Two financial services firms are launching a $200m fund to provide loans to Russian fintech companies in a bid to help a sector starved of financing because of legal constraints.

The FinTech Credit Fund, a joint project by investment managers FinTech Capital and Da Vinci Capital, will offer debt financing to fintechs that specialise in lending to individuals and small and midsize enterprises, according to East-West Digital News (EWDN).

Borrowers from FinTech Credit Fund would use some of the money to finance their own loans and the rest to meet their corporate needs.

FinTech Credit Fund loans would have a maturity of between six months and three years.

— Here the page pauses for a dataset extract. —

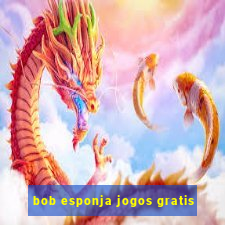 bob esponja jogos gratis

Russian banking news website Banki.ru cited FinTech Credit Fund chief executive Yury Popov, who is managing partner of FinTech Capital, as complaining that Russian fintechs have extremely limited sources of financing and that this holds back the country’s fintech sector.

Capital markets are only open to large companies, setting up a credit line with a bank makes little sense because of a bureaucratic rigmarole it involves and high subsequent monitoring charges by the lender bank, and only banks are allowed to open state-insured deposit accounts for individuals, Popov explained.

ID Finance, FinTech Capital’s parent company, said in a statement that, in processing a loan application, FinTech Credit Fund would look at the applicant’s creditworthiness, business model, technology, loan portfolio quality, and risk and revenue potential.

A short while before the emergence of FinTech Credit Fund became known, Russian billionaire Oleg Boyko announced a plan to invest $150m in fintech startups over the next five years, according to EWDN.

FinTech Capital is an asset manager owned by ID Finance, a Barcelona-headquartered fintech company with Russian roots. Da Vinci Capital is an investment manager that is domiciled in Guernsey and also has offices in Moscow and Hong Kong.